Notably, Figure said it thoroughly re‑architected electronics in the Figure 03 forearm and wrist by removing separate distribution boards and reducing dynamic wiring runs to reduce complexity, improve reliability and simplify thermal management.

Industry context and outlook — where humanoid robotics sits today
The broader humanoid robotics industry has not converged on a single set of standards or form factors.
Market observers including Dongfang Securities (Dōngfāng Zhèngquàn 东方证券) note ongoing debates over choices like biped versus wheeled lower limbs, the level of hand dexterity required, whether linear joints are necessary, component selection, and robot size.
That lack of consensus increases SKU proliferation, dilutes capital and talent, and slows the emergence of embodied intelligence at scale.
From an investment perspective, market sentiment toward robot mass production has cooled and the robotics sector has pulled back slightly.
Analysts expect clearer mass‑production signals by the first half of 2026; they view a V3 rollout and small‑batch production in Q1 2026 as an important validation that technical and supply‑chain consensus is beginning to converge.

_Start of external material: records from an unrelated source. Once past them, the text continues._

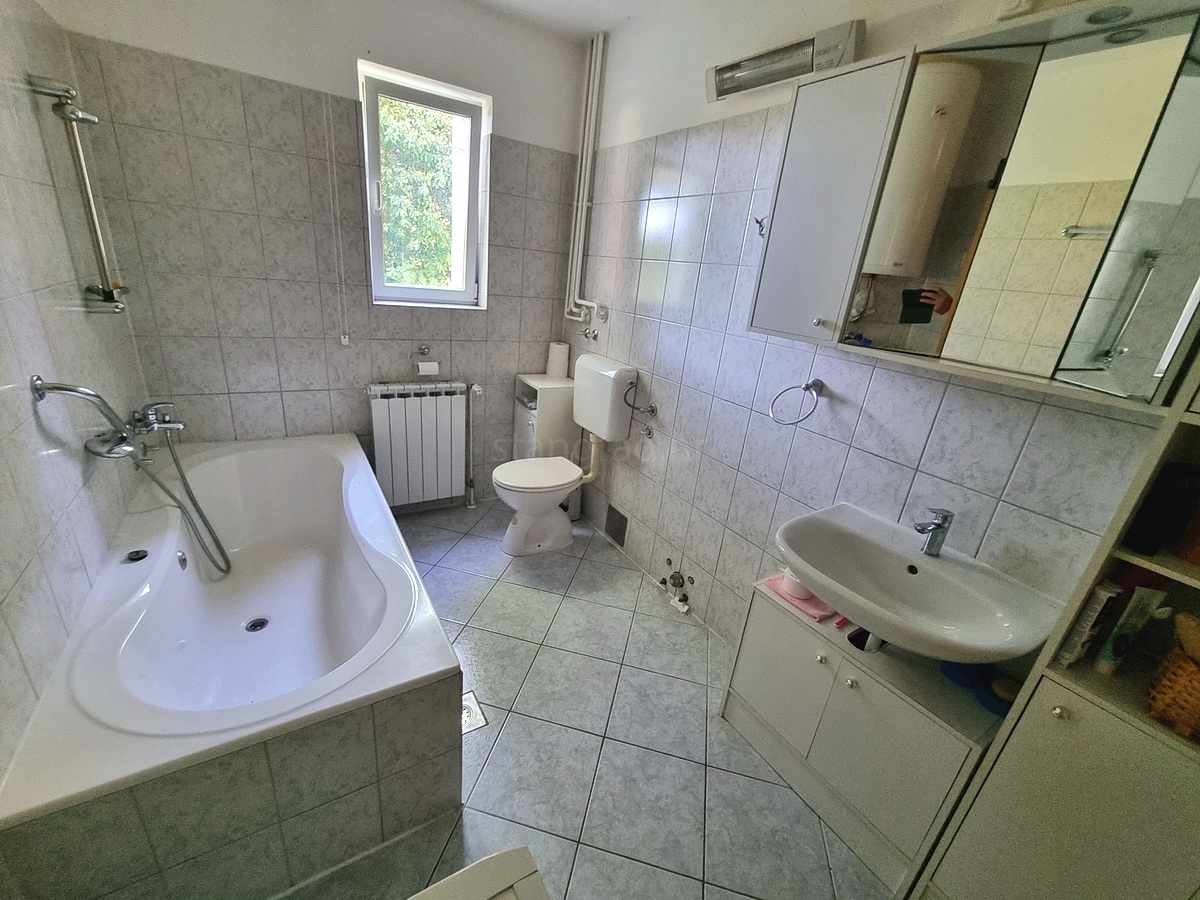 Malinska, samostojna hiša z vrtom na mirni lokaciji z razgledom!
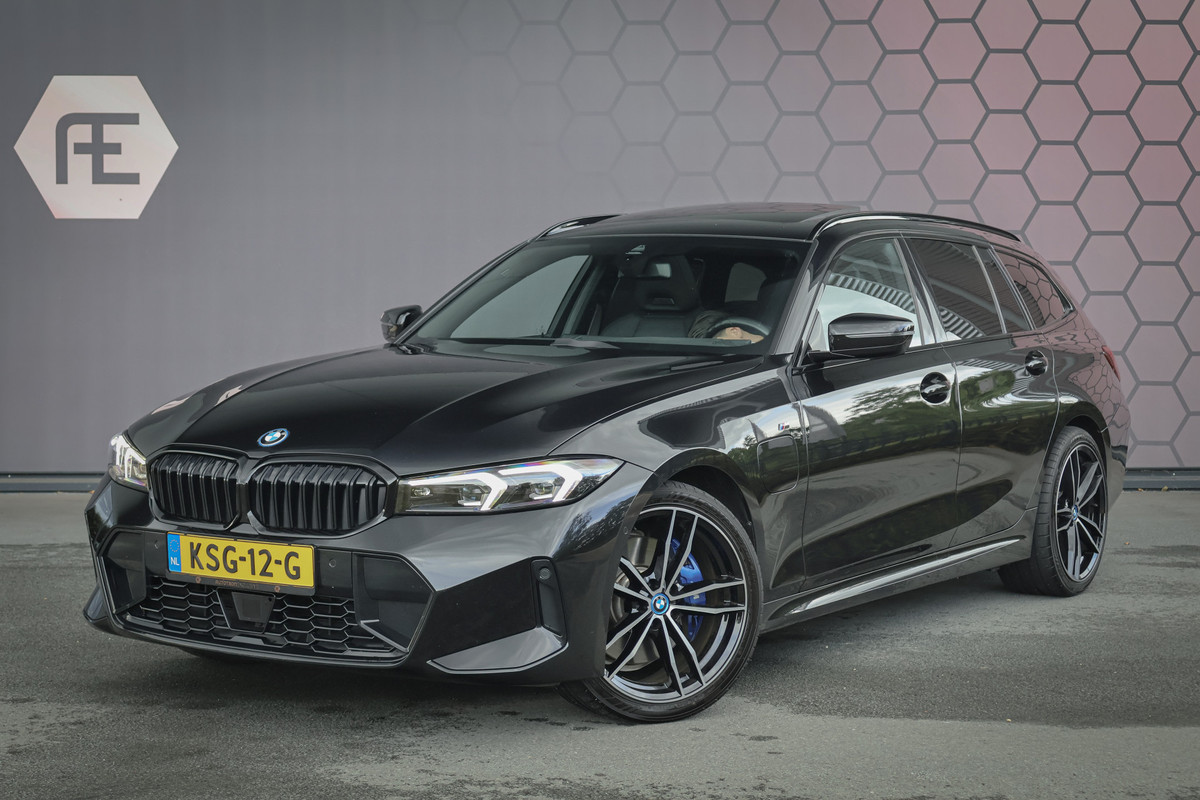 BMW 3 Serie Touring 330e xDrive ADAPTIVE CRUISE | STOELVERWARMING | CAMERA | M STOELEN | PANO | HEAD UP | MEMORY | APPLE CARPLAY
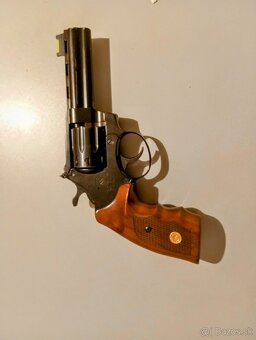 Revolver 22lr Alfa Holek - 3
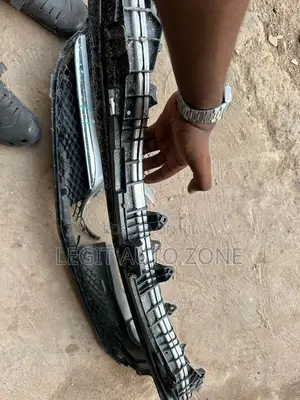Mercedes Benz E300 Radiator Support
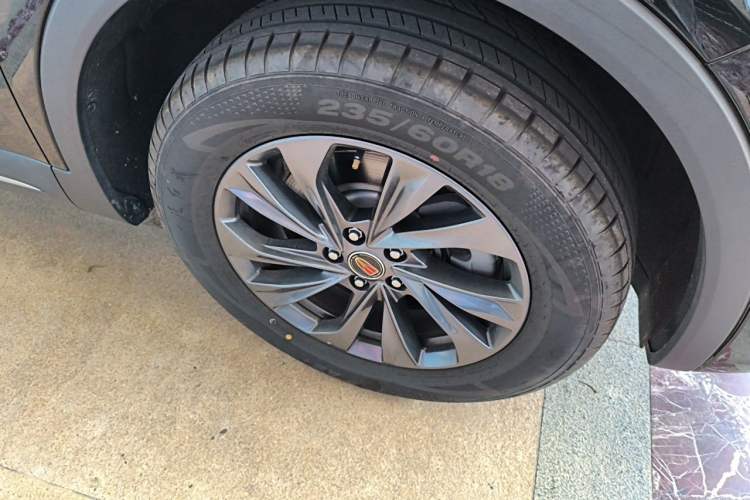 Used Hongqi HS5 2025 2.0T Two-Wheel Drive Flagship Pro Edition Right Front Wheel Hub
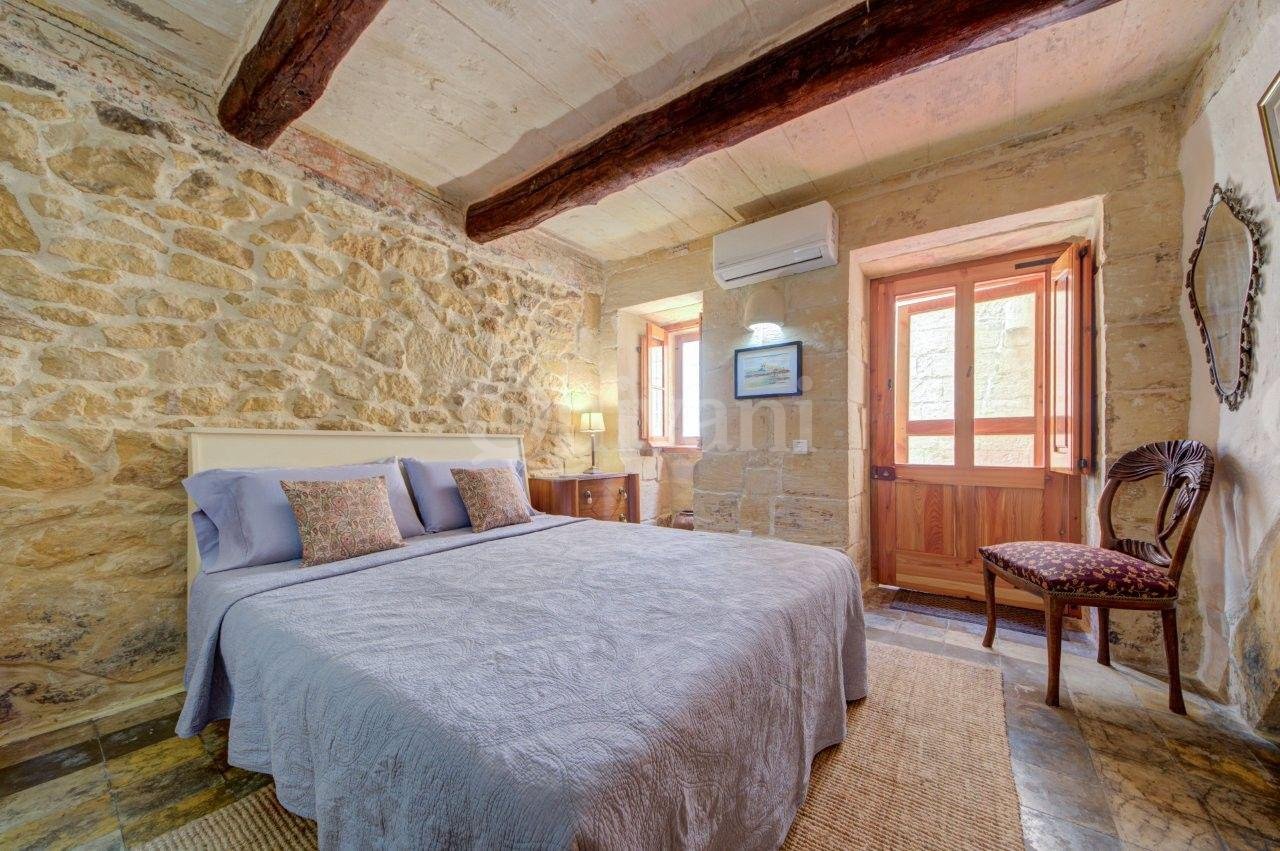 Beautifully Converted House of Character with Courtyard & Large Terrace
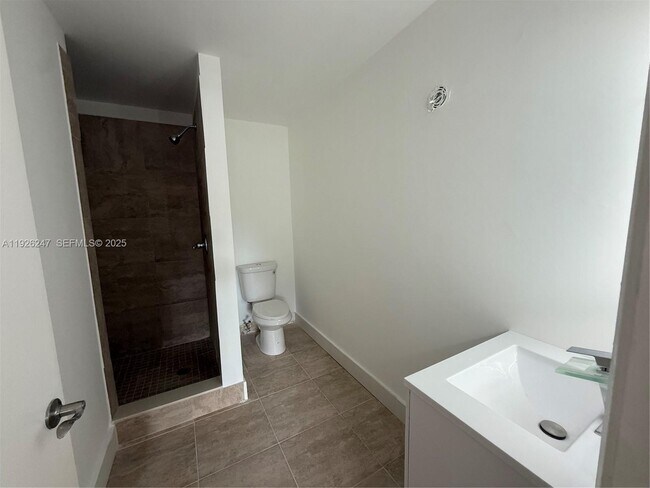 Building Photo - 15749 Woodgate Ct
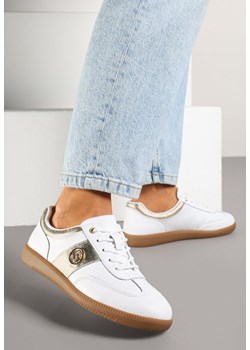 Biało-Złote Skórzane Sneakersy Klasyczne Tenisówki z Metalicznym Zdobieniem Marins ze sklepu born2be.pl w kategorii Buty sportowe damskie - zdjęcie 178656943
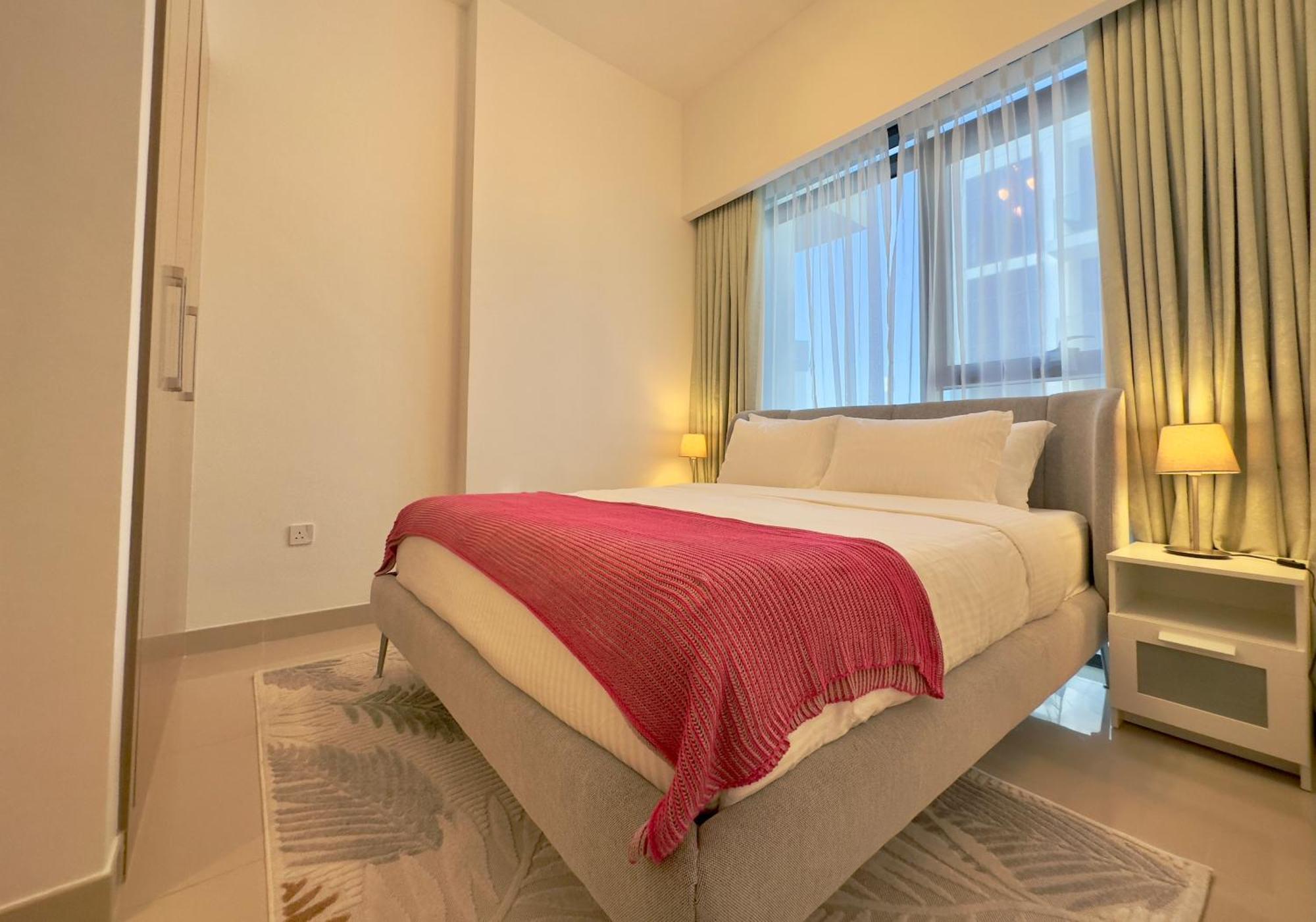 Quiet 2br Retreat In A Scenic Garden Environment By Bhavan Apartment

What this means practically for investors, founders, and engineers — tactical takeaways
- Real deployments matter: The Figure 02 field test produced real factory hours, real part counts and measurable KPIs — this is rare and valuable evidence for any robotics playbook.
- Expect iterative recalls: Admitting subsystem reliability problems and issuing recalls highlights that hardware iteration is the norm, not the exception.
- Design for maintainability: Forearms and wrists are hotbeds for failure — simplifying electronics and thermal paths is a clear priority.
- Integration over replacement: Figure 02 acted as a collaborator inside an existing automated cell, which is a lower‑risk route for humanoids vs. attempting full line replacement.
- Signal watching for 2026: Investors should monitor V3 rollouts and small‑batch production plans in early 2026 as potential inflection points for the industry.

Bottom line — a sober, optimistic read
The Figure 02 Spartanburg deployment is an important milestone in embodied automation because it generated concrete production metrics and real operating hours in a demanding environment.
At the same time, the public recall and redesign underline that humanoid robotics still requires frequent, hands‑on iteration between field deployment and engineering refinement.
For stakeholders — investors, founders, engineers and automation leads — the right frame is pragmatic: treat these trials as accelerated R&D programs that produce measurable lessons rather than overnight factory replacements.
Figure 02 BMW deployment remains a useful data point as the industry pushes toward Figure 03 and beyond.